- **Exercise details**
Below is a listing; restate from it, character for character, the lines beginning at the line holding "Flooded Basement Restoration" and ending at the line holding "Etiqueta Eucalyptus bompkin", both included.

- **Provided material**
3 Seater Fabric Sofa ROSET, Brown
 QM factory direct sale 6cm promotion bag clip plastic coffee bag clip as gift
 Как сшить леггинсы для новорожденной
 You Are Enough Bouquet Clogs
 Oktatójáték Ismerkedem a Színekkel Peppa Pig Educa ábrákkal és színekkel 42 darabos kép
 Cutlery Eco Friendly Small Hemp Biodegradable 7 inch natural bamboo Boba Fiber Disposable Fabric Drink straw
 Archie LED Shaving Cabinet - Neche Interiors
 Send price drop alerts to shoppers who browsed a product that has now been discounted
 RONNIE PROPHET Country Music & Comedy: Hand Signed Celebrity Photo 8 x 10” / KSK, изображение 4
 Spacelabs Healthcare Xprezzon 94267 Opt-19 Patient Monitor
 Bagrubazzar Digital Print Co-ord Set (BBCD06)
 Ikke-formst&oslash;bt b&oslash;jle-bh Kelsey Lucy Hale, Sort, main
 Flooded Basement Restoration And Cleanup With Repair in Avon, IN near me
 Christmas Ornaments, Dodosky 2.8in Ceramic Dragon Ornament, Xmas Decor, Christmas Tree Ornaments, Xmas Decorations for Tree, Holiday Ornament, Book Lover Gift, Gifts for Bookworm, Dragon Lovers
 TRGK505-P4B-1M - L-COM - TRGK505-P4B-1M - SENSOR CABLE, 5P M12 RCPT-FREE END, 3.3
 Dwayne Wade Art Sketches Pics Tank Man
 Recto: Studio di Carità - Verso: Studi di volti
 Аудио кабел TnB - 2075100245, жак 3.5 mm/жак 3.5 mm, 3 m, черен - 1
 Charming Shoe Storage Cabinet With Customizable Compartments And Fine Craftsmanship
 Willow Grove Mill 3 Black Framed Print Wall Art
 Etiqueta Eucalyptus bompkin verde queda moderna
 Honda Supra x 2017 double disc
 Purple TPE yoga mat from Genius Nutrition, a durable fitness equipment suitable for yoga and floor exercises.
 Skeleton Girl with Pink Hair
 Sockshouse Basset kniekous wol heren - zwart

- **Answer section**
 Flooded Basement Restoration And Cleanup With Repair in Avon, IN near me
 Christmas Ornaments, Dodosky 2.8in Ceramic Dragon Ornament, Xmas Decor, Christmas Tree Ornaments, Xmas Decorations for Tree, Holiday Ornament, Book Lover Gift, Gifts for Bookworm, Dragon Lovers
 TRGK505-P4B-1M - L-COM - TRGK505-P4B-1M - SENSOR CABLE, 5P M12 RCPT-FREE END, 3.3
 Dwayne Wade Art Sketches Pics Tank Man
 Recto: Studio di Carità - Verso: Studi di volti
 Аудио кабел TnB - 2075100245, жак 3.5 mm/жак 3.5 mm, 3 m, черен - 1
 Charming Shoe Storage Cabinet With Customizable Compartments And Fine Craftsmanship
 Willow Grove Mill 3 Black Framed Print Wall Art
 Etiqueta Eucalyptus bompkin verde queda moderna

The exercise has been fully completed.